48% of Twitter users are on Eastern Standard Time, they are most likely to retweet on Wednesdays, around 5pm. Links on Twitter tend to get clicked on the most within the first hour of them being posted.
So if you want to share something on Twitter, tweet it on Wednesday at 5pm EST.
And if you want to share something on Facebook and get the most amount of likes, don’t post more than once every 2 days. Also to get the most likes, post on Saturday at noon EST.
Mistake #2: All social buttons are the same
On Quick Sprout I tested the placement of social media buttons at the top and bottom of my blog posts. Surprisingly, people have a tendency to share posts before they read them as the social media buttons at the top of the post got 117% more clicks than the ones at the bottom.
In addition to that, I tried using scrolling social buttons such as the Sharebar, which got 226% more clicks than the social media buttons at the top of the post.
When I tested the combination of the scrolling social buttons with social buttons at the top, it underperformed by 29% compared to scrolling buttons in combination with buttons at the bottom.
If you want to get the most social shares, consider placing social media buttons at the bottom of your blog post in combination with scrolling social buttons like the Sharebar.
Mistake #3: Shares matter, not traffic
Most bloggers and content marketers focus on how many likes their content gets on Facebook or tweets they get on Twitter. In theory, if you have more shares, you should get more traffic, but that isn’t always the case. If no one clicks through from Facebook or Twitter to your website, you won’t get any visitors.
Instead of just focusing on the pure number of social shares, you should also be looking at traffic. A good way to boost your traffic from these social sites is to analyze your click through rate.

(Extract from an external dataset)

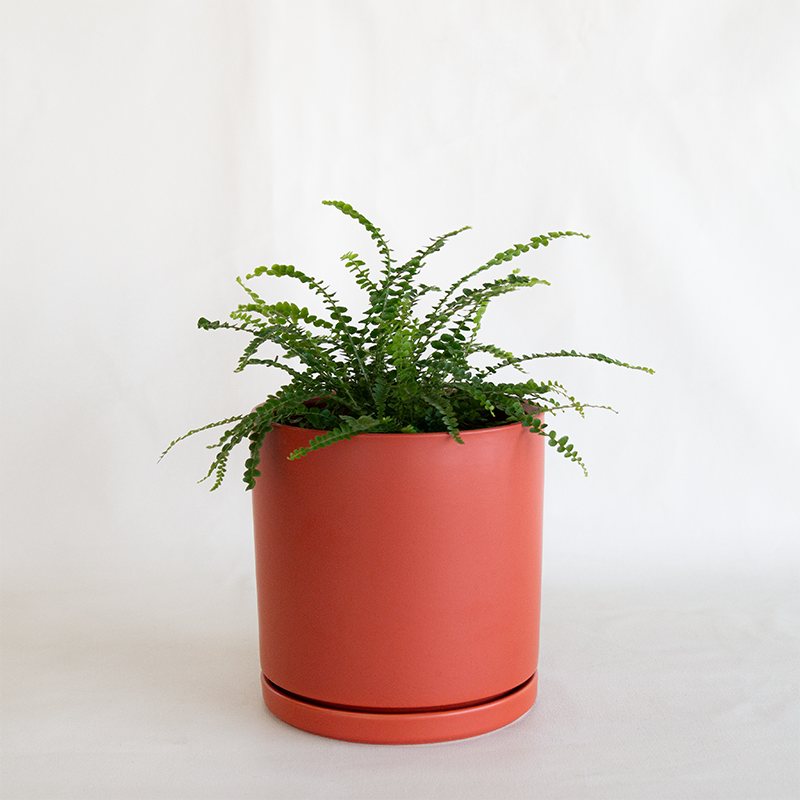 rust coloured plant pots Gemstone Cylinder Planter Rust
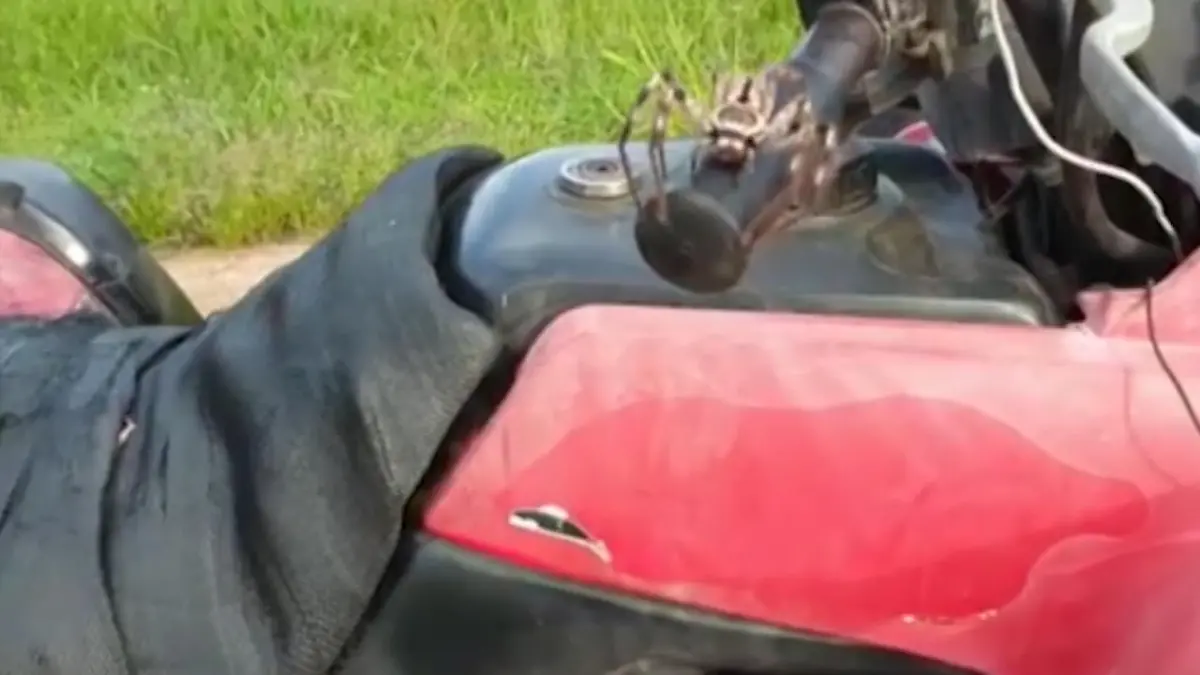 Riesen-Spinne attackiert Mann Sie krabbelt über das Quad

According to this blog post by Dan Zarrella, the optimum place to leave a link on Twitter is right at the 25% mark. So not at the beginning, end or even middle… make sure you add it right on the 25% mark if you want to boost your Twitter traffic.
Mistake #4: People read content during the same peak times they share it
There is a huge timing difference between when people prefer to read content versus sharing it. Based on mistake number 1, you know people prefer Wednesday for Twitter and Saturday for Facebook.
People prefer to read blogs on Monday at 11am EST. They prefer commenting on blogs at 9am EST on Saturday.
If you are also targeting a female audience for your blog, never post during the evening or night; women prefer to read blog posts before noon EST.
Mistake #5: Focusing on all social channels
I talked about placement of social media buttons earlier, but I didn’t talk about the number of social sites you should promote. On Quick Sprout I tested placing buttons for 3, 4 and 5 different social media sites. No matter how many social media buttons I used, less than 9% of people clicked on more than one social button.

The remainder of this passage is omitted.